Titolo della tesi: LE ATTESTAZIONI DI AUTENTICITÀ DELLE OPERE D’ARTE - TRA PRASSI E PROSPETTIVE DI REGOLAMENTAZIONE ALL’INTERNO DEL CIRCUITO ARTISTICO-COMMERCIALE
La tesi analizza in modo approfondito il tema delle attestazioni di autenticità delle opere d’arte, affrontandone le implicazioni giuridiche, etiche, economiche e culturali. L’autenticazione, elemento cardine per la valutazione artistica e commerciale di un’opera, è oggi priva in Italia di una disciplina organica: né la legge sul diritto d’autore (L. 633/1941) né il Codice dei beni culturali (D.lgs. 42/2004) individuano con chiarezza i soggetti legittimati al rilascio dei certificati d’autenticità o i criteri per considerarli validi. Il lavoro mette in luce come, in assenza di norme specifiche, la regolamentazione dell’autenticità sia affidata a prassi di mercato e ad enti privati – archivi e fondazioni d’artista – che, pur svolgendo un ruolo centrale nella tutela della memoria dell’artista, operano talvolta in modo disomogeneo e non trasparente, favorendo potenziali conflitti d’interesse, discrezionalità e derive speculative.
Attraverso un approccio empirico e comparativo, la ricerca esamina il quadro normativo italiano e straniero, analizza casi giudiziari emblematici e mette in evidenza il rischio che meccanismi economici o criminosi condizionino il processo di autenticazione, con gravi ripercussioni per il mercato e la credibilità del sistema artistico. L’indagine include inoltre un confronto diretto con esperti del settore — tra cui rappresentanti del MiC, delle forze di tutela, di archivi d’artista e di broker assicurativi — per delineare le criticità operative e le possibili soluzioni regolamentari.

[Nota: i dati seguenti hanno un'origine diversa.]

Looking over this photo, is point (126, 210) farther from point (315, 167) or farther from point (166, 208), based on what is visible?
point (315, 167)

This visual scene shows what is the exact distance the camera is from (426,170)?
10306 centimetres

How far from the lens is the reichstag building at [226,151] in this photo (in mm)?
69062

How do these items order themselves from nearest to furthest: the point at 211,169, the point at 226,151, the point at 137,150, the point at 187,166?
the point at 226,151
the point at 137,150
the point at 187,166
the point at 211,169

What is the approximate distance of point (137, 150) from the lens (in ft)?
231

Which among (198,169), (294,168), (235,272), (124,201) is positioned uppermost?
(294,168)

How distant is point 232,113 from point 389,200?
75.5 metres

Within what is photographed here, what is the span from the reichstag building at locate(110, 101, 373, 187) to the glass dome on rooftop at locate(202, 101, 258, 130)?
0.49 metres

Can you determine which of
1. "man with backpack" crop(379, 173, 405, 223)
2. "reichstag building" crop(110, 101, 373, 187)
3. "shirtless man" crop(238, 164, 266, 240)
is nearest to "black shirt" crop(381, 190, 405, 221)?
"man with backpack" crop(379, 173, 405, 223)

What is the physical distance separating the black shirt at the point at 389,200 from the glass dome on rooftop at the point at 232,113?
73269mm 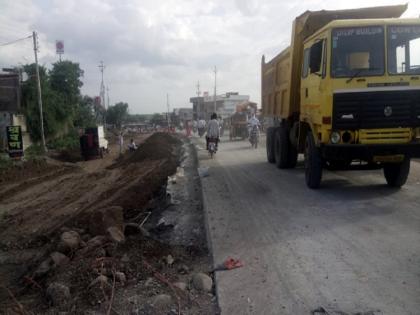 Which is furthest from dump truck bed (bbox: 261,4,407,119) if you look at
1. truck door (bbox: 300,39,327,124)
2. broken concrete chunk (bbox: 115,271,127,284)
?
broken concrete chunk (bbox: 115,271,127,284)

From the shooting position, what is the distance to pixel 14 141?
22344mm

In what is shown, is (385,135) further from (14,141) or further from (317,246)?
(14,141)

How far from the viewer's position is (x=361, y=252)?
5.43 meters

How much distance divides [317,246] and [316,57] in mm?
4295

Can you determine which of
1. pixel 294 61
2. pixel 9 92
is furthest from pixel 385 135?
pixel 9 92

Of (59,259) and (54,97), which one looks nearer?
(59,259)

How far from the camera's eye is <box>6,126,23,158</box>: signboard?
2203 centimetres

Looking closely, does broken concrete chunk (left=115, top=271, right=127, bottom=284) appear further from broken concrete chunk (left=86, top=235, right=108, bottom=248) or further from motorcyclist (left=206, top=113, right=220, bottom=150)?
motorcyclist (left=206, top=113, right=220, bottom=150)

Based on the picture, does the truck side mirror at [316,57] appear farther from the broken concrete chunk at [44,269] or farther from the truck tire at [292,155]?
the broken concrete chunk at [44,269]

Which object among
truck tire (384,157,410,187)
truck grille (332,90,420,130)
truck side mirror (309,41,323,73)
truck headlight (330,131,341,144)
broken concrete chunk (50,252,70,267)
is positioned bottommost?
broken concrete chunk (50,252,70,267)

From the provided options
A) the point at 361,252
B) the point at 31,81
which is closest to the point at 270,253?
the point at 361,252

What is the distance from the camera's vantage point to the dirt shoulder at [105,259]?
456cm

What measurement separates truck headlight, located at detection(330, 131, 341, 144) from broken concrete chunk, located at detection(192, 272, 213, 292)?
4116 mm

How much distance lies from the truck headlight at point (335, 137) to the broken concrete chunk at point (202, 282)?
412cm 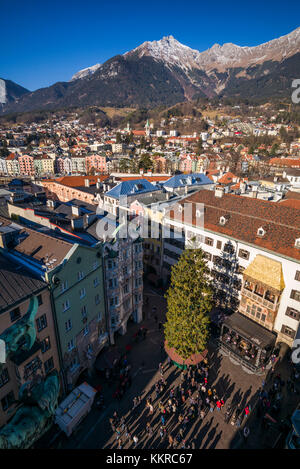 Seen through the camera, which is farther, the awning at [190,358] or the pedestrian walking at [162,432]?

La tesi propone infine un modello di regolamentazione trasparente e partecipata, fondato sulla collaborazione tra istituzioni pubbliche, archivi, fondazioni e operatori del mercato, al fine di garantire la certezza giuridica dell’autenticazione, la tutela della memoria dell’artista e la salvaguardia del mercato dell’arte da pratiche fraudolente e speculative.